みんなの調子の良さを感じる、なかでも特に調子の良い相手がアドリブ言う。
必死で打ち返す。
他のメンバーも予定になかったセリフを入れる。
”嘘でしょ!”と思いながら必死で応える。
お客さんが笑ってくれる。
自分のセリフを忘れる。フォローしてもらう。
自分のセリフをまた忘れる。必死に元の流れに戻す。
舞台袖に引っ込む。
仲間の最後の演技に全員で耳を澄ます。
見たことのない迫真の演技。
…あ、泣いてる…
そして終演。
お客さんの拍手。

…なんなんだろう、この居心地のよい空気。
程よい緊張感のなかで、いろんな感情がメンバーの間で飛び交っていて、その上で物語が進行していた。
誰も取り残さず、取り残されず、いきいきと物語が動いている感じ。
安心な世界。
いっしょに参加しためぐさんは「大丈夫ワールド」と書いてらっしゃったが、私はその言葉がとても好きだ。

そのあとの打ち上げは、本当に楽しかった。
本番の緊張が解けたから、ただただ大丈夫なだけの世界だった。みんな笑顔が光っていた。

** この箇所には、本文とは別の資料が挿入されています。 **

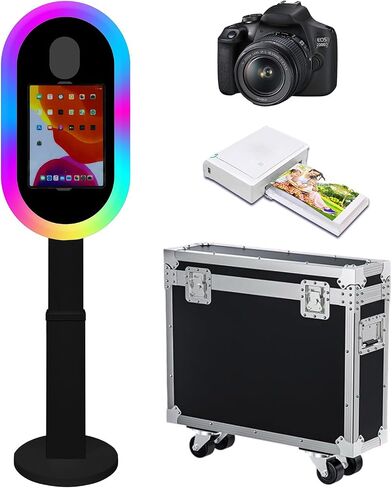 Portable Photo Booth Compatible with iPad Photo Booth Stand for 10.2"-13" with RGB Light Shell Stand Selfie Photobooth Machine for Events Rental Wedding (Black, Machine+Camera+Mini Printer) in Kuwait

おそらく、「演技力向上」のための講座であれば、こんなふうにはならなかっただろう。
先生は講座の間ずっと「感情の受け渡し」を重視されていて、
セリフの細かいニュアンスや表情の作り方、体の動かし方、といった表層的な「技」の指導は控え目に、相手とのコミュニケーションのことを重点的に指導されていた。
だからこそ本番、「自分の中で湧き上がる感情」と、「きっと相手が受け取ってくれる」という信頼で、ちゃんと物語を繋げることができた。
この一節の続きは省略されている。